大成功 🔵​🔵​🔵​🔵​🔵​🔵​🔵​🔵​🔵​🔵​🔵​🔵​

ニィエン・バハムート
敵はいつものように【先制攻撃】の爆鳴気炎無限増殖の【範囲攻撃】とその爆発による【衝撃波】などで【蹂躙】して…飛び跳ねたチョコでドロドロですの。今日は温泉に浸かれるというのならお言葉に甘えますわ。
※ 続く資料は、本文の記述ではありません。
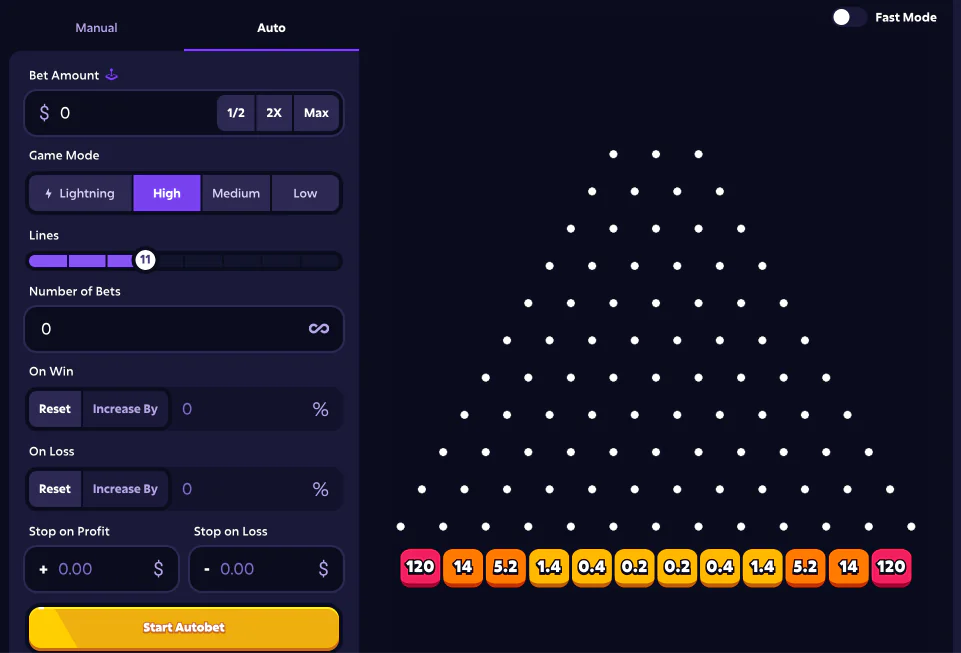 Plinko game Pakistan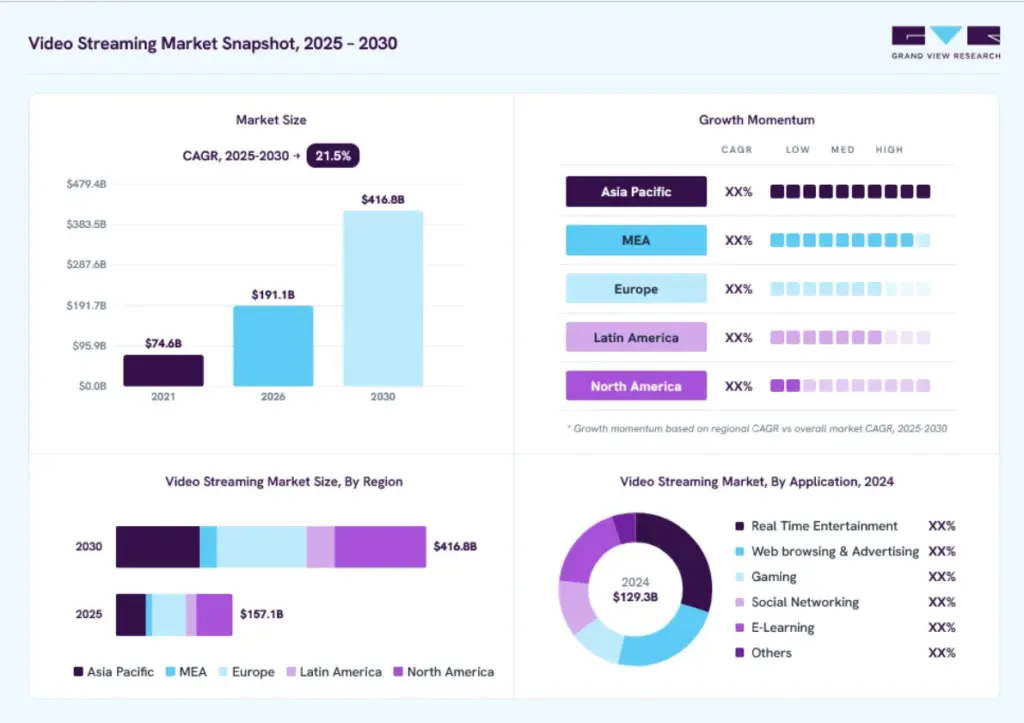 How Fast Is the Vertical Drama Market Growing?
あ゛あ゛~…パックとかは別にいいですけど、海上戦続きで冷えた体が芯から温まって沁みますの…なんか今の私おっさん臭いですわ…。

あっ、メロディアの分身。あなたも入って行きますか?
どうせ今のあなたは攻撃力すらなく、別のあなたとは恋バナもした仲。終わるまでの時間を穏やかに過ごさせるぐらいの慈悲は…。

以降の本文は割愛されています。